Now you know the main functions of the tidyverse package that will allow you to wrangle efficiently. The list is not exhaustive and as I said I do not know all the functions! However here a small list of the tidyverse
functions worth mentionning. You can look them up in R by typing ?NAME_FUNCTION
or on google.
transmute
rename
starts_with
ends_with
slice
During next lab we will finish the bloc on Data visualisation and data wrangling. We will mainly repeat what we have been doing, using the same functions.
First, download the dataset here:
As you may see, this is an .rda file. A .rda file is basically a compressed R file.

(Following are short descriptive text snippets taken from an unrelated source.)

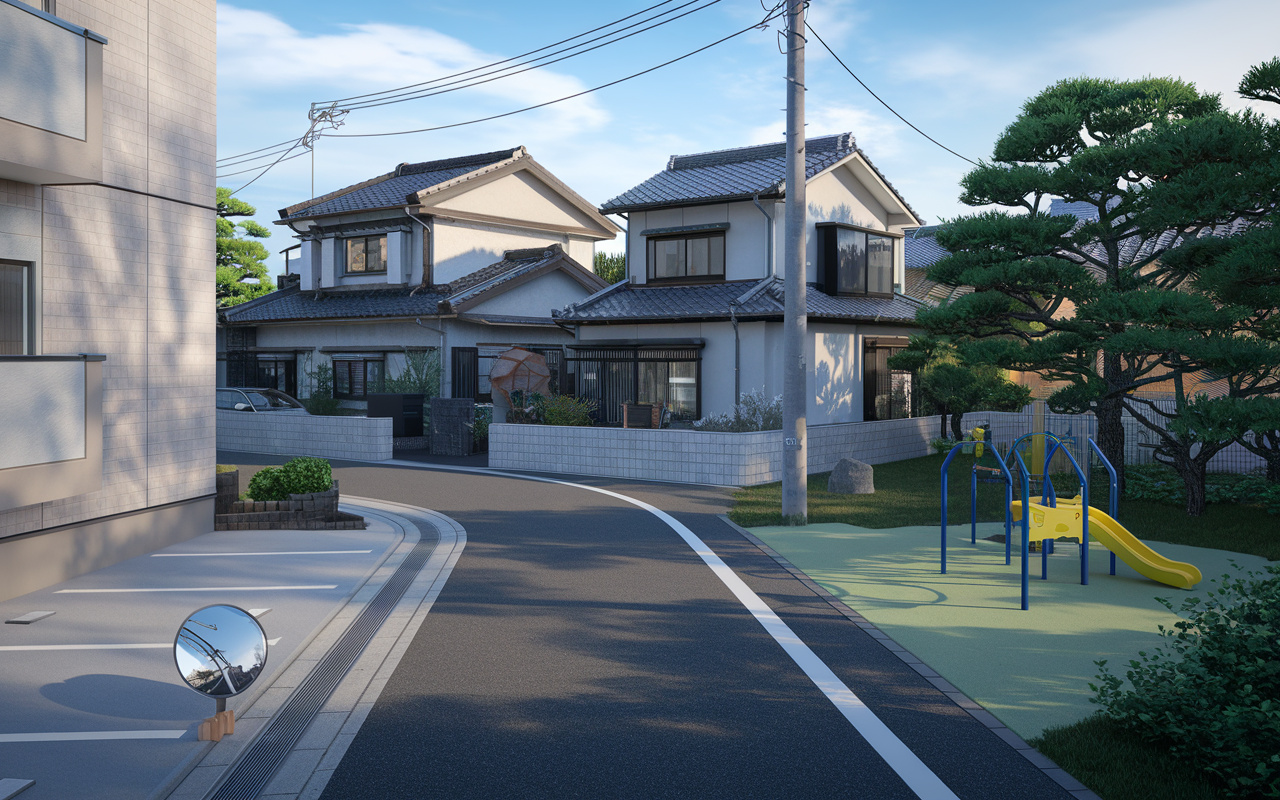 阿南市の賃貸事情や治安はどう？住みやすさの特徴も紹介の画像
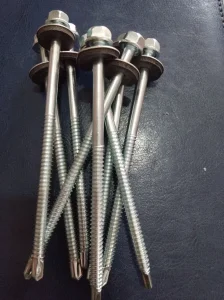 Samorezac K 6.3x120 za panel peticu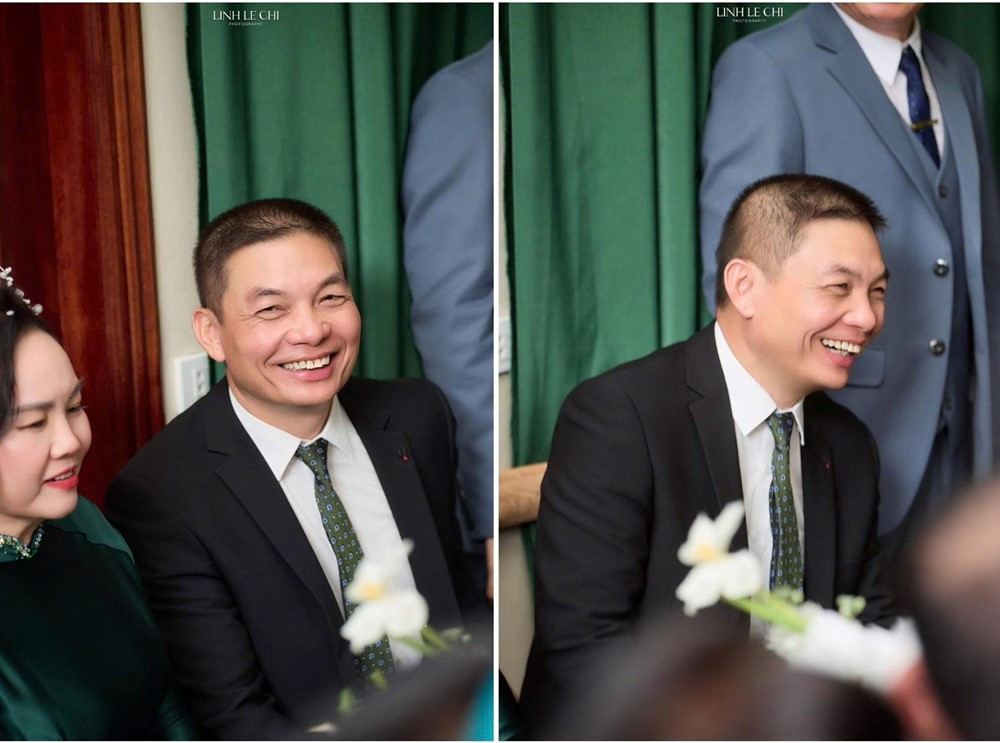 Chủ tịch Tập đoàn Sơn Hải phát biểu 'gây sốt' - ảnh 3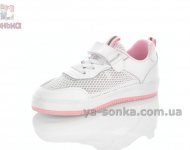 Кроссовки сетка для девочек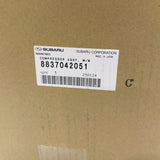 8837042051 Genuine Denso A/C Compressor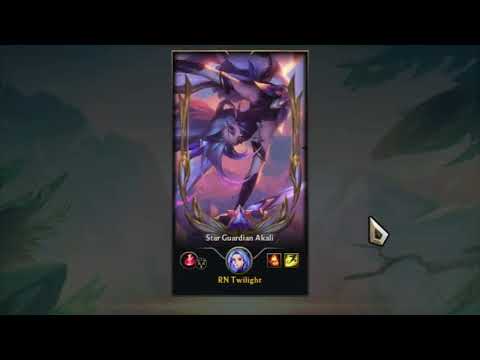 This is me after buying Star guardian akali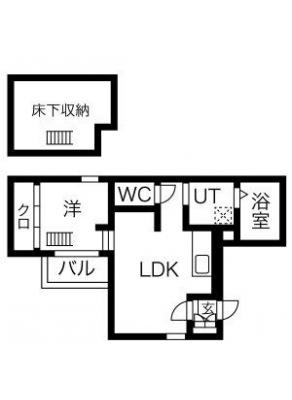 モンドグロッソ千種 1階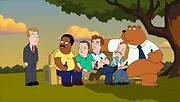The Cleveland Show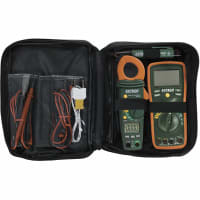 FLIR Commercial Systems, Inc. - Extech Division Electrical Test Kit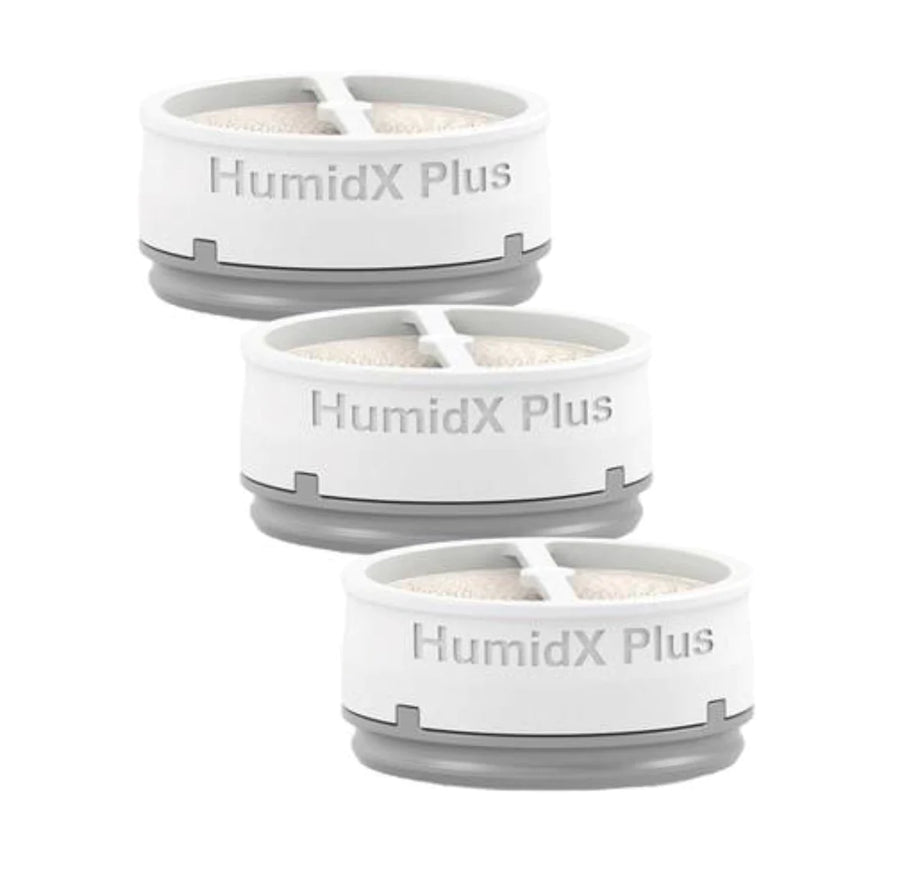 HumidX Plus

I saved this file in the folder “data”. TO open it I should write:
load("data/ncbikecrash.rda")
You will use what you learned form the previous labs and answer these questions:
Question 1: Run View(ncbikecrash) in your Console to view the data in the data viewer. What does each row in the dataset represent?
Question 2: How many bike crashes were recorded in NC between 2007 and 2014? How many variables are recorded on these crashes?
Question 3: How many bike crashes occurred in residential development areas where the driver was between 0 and 19 years old?
Question 4: Create a frequency table of the estimated speed of the car (driver_est_speed) involved in the crash. What is the most common estimated speed range in the dataset?
Good luck!